**Task item**
Extract the full listing verbatim and drop any pictures from your copy.

**Given data**
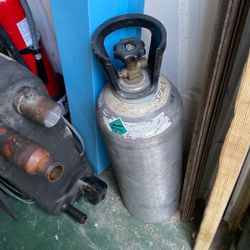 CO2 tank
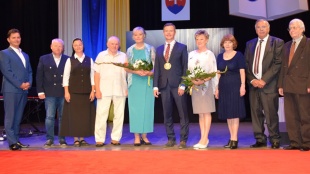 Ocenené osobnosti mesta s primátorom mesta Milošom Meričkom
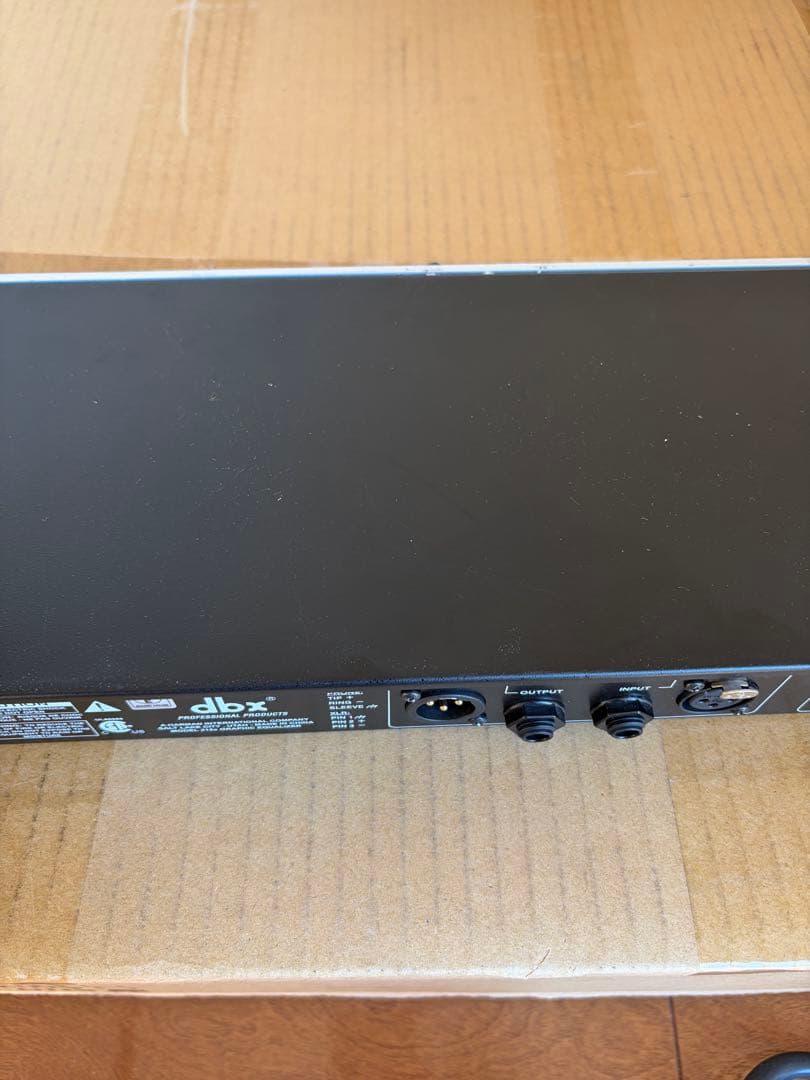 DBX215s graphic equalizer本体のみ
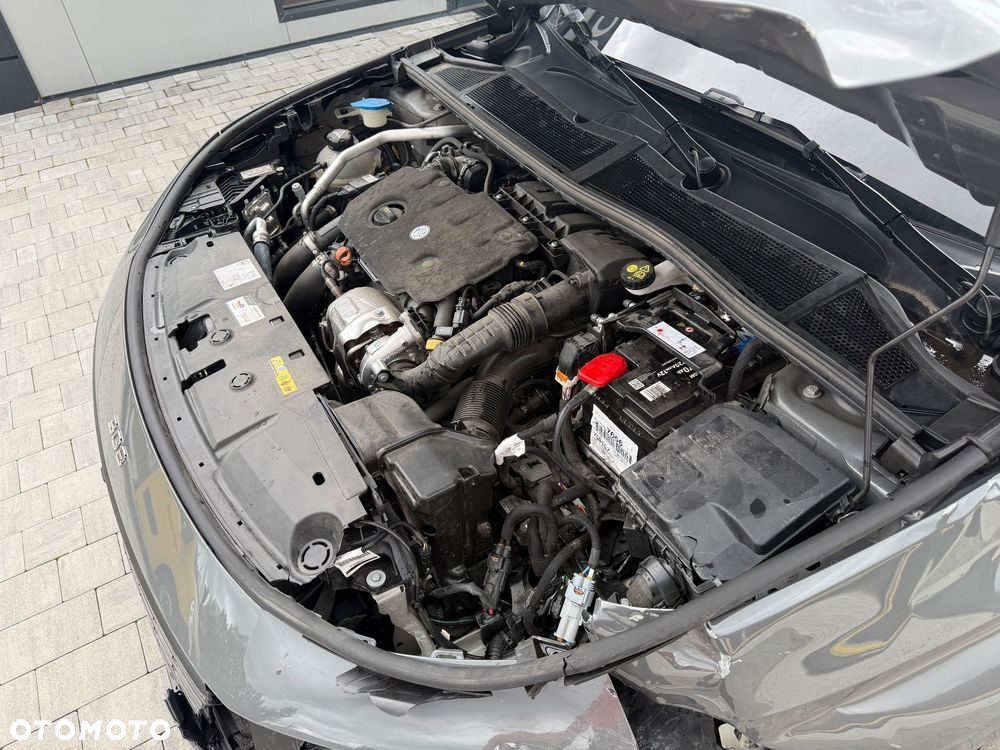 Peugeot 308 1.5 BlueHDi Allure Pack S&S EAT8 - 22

**Exercise solution**
 CO2 tank
 Ocenené osobnosti mesta s primátorom mesta Milošom Meričkom
 DBX215s graphic equalizer本体のみ
 Peugeot 308 1.5 BlueHDi Allure Pack S&S EAT8 - 22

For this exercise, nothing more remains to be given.